You cannot assume that $\beta$ and $\gamma$ are atomic formulas (does it mean the same as prime formulas?) in the induction step. E.g., $(\alpha\to \alpha)\to \alpha$ where $\alpha$ is a prime formula has the form $\beta\to\gamma$, but $\beta$ is not prime. I assume you can finish the definition and the proof that $\bar{v}(\alpha) = T$ iff $\models_A \alpha[s]$.

Originally Posted by logics
For (b), if $\bar{v}(\psi) = T$ for every $\psi \in \Gamma$, then $\bar{v}(\phi)=T$ by assumption.
I believe this holds for any truth assignment v.
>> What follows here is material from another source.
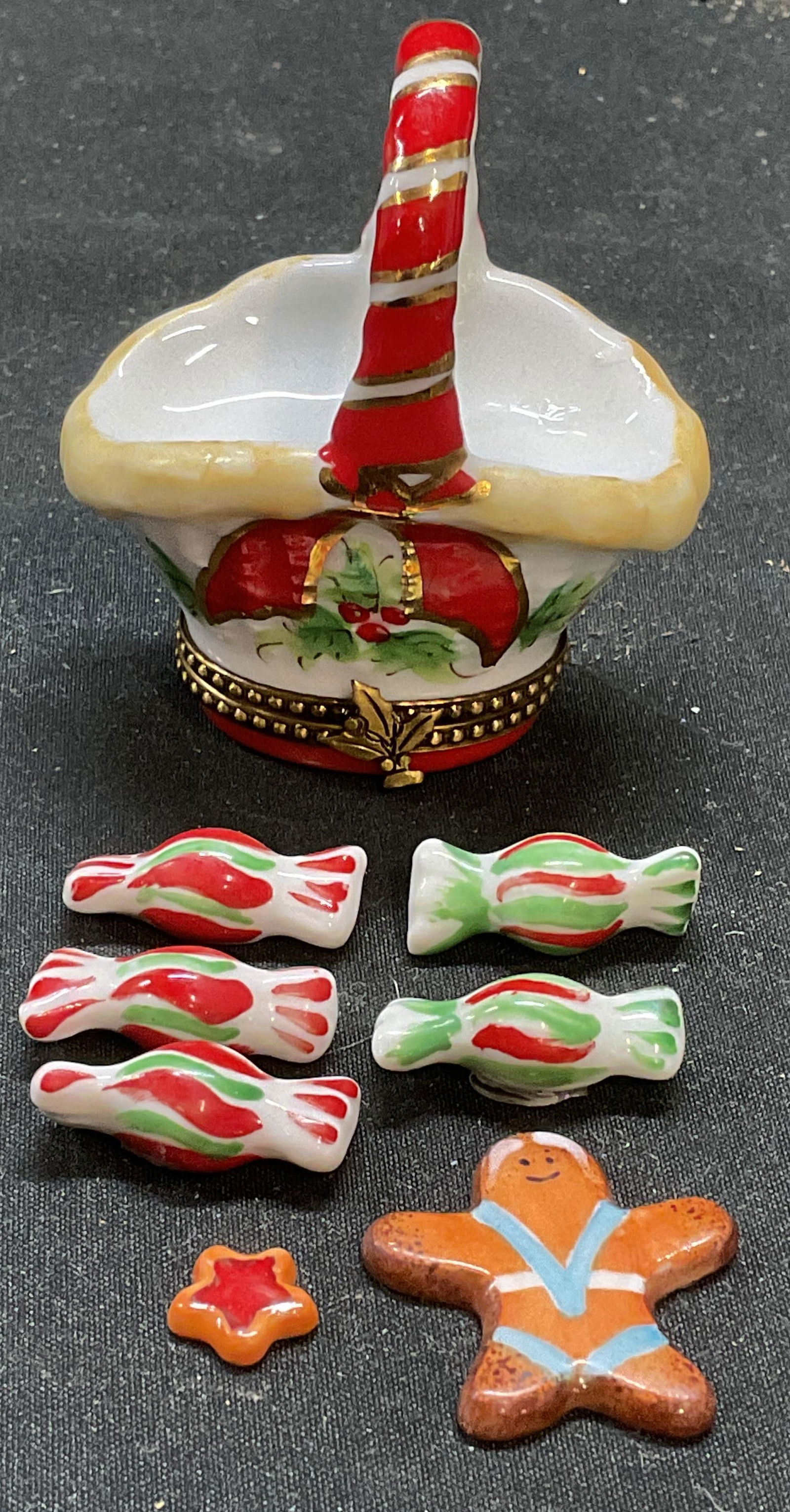 Limoges Porcelain Holiday Basket Trinket Box FR (1 of 7)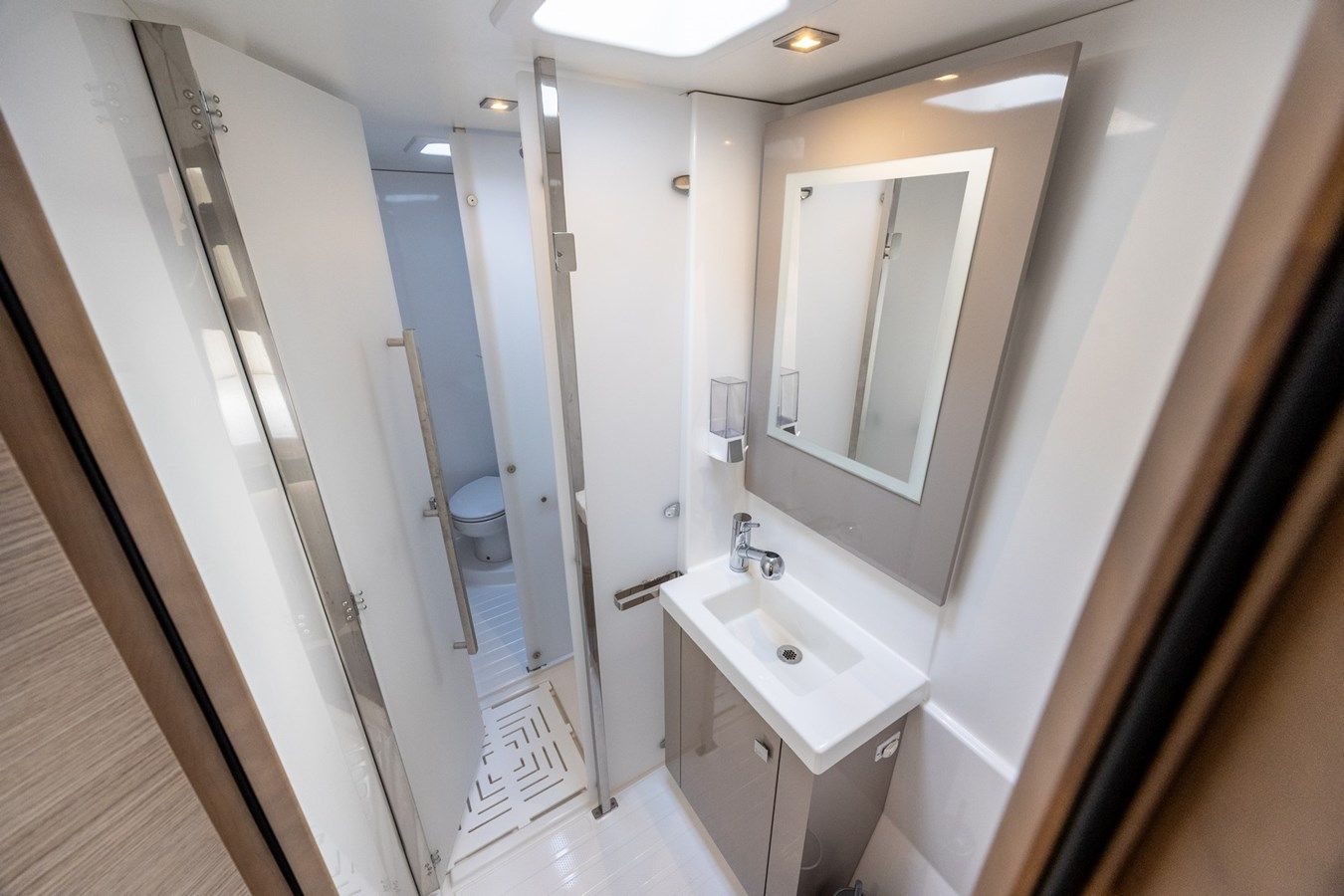 best yacht sales deals Migaloo II - unknown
Call this fact (*).

Originally Posted by logics
Then I need to show if $\models_A \psi[s]$, then $\models_A \phi[s]$.
Suppose $\models_A\psi[s]$ for every $\psi$ in $\Gamma$. Let $v_{A,s}$ be the truth assignment constructed from $A$ and $s$ as described in (a). Then $\bar{v}_{A,s}(\psi)=T$ by (a), so by putting $v=v_{A,s}$ in (*) we have $\bar{v}_{A,s}(\phi)=T$, which again by (a) implies $\models_A\phi[s]$.